After primordial germ cells (PGCs) have colonized the gonadal ridge at roughly 3–5 weeks post conception (WPC), two successive development stages are observed during male gonadogenesis: sex determination of the bipotential gonads and testis differentiation. At 6 WPC, the SRY gene becomes expressed in the bipotent supporting cells in the gonadal coelomic epithelium, ventral to the mesonephros in the XY gonadal ridge. SRY is required for Sertoli cell commitment and tilts the balance in favor of male gonadogenesis by creating a cascade of testis-promoting genes, which downregulate RSPO1/WNT4–β-catenin pathways that mediate ovarian development. The remainder of testis development is driven by sex hormones produced after the gonads have differentiated into testes.
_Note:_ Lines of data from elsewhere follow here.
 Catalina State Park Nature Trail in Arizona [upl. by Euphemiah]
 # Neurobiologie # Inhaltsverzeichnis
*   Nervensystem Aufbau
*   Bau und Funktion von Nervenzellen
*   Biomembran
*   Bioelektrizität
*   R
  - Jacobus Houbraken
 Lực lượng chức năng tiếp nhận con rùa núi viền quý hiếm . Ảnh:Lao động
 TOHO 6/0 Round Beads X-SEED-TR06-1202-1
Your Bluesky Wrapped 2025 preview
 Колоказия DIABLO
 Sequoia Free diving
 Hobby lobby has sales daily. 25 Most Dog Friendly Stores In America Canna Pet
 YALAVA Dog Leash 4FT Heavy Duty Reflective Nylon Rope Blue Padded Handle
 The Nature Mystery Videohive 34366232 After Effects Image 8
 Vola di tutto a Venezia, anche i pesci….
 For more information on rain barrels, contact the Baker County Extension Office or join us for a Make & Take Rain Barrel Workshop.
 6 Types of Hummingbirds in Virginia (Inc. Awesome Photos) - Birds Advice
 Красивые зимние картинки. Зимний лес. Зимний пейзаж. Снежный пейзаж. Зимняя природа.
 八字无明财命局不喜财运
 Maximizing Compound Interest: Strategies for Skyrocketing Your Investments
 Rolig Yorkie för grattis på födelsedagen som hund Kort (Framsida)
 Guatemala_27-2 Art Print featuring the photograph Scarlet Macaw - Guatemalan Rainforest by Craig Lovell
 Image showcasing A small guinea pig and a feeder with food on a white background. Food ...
Despite the social and biological relevance of testis development disorders and their association with the increasing incidence of male infertility, knowledge on human gonadogenesis is not complete. Current advances are hampered by scarcity of human tissue, lack of reliable in vitro models, and differences in reproductive physiology between rodents and higher mammals. Here, Garcia-Alonso and colleagues profiled cells of the human gestational gonads (n=22) from 6–21 WPC using (1) single-cell RNA sequencing, (2) single-cell accessible chromatin sequencing and (3) combined single-nucleus RNA and ATAC sequencing. Hereafter, gene activity was mapped in the tissues using Visium spatial gene expression and multiplexed single-molecule fluorescent in situ hybridization to provide spatiotemporal dynamics of male gonadogenesis.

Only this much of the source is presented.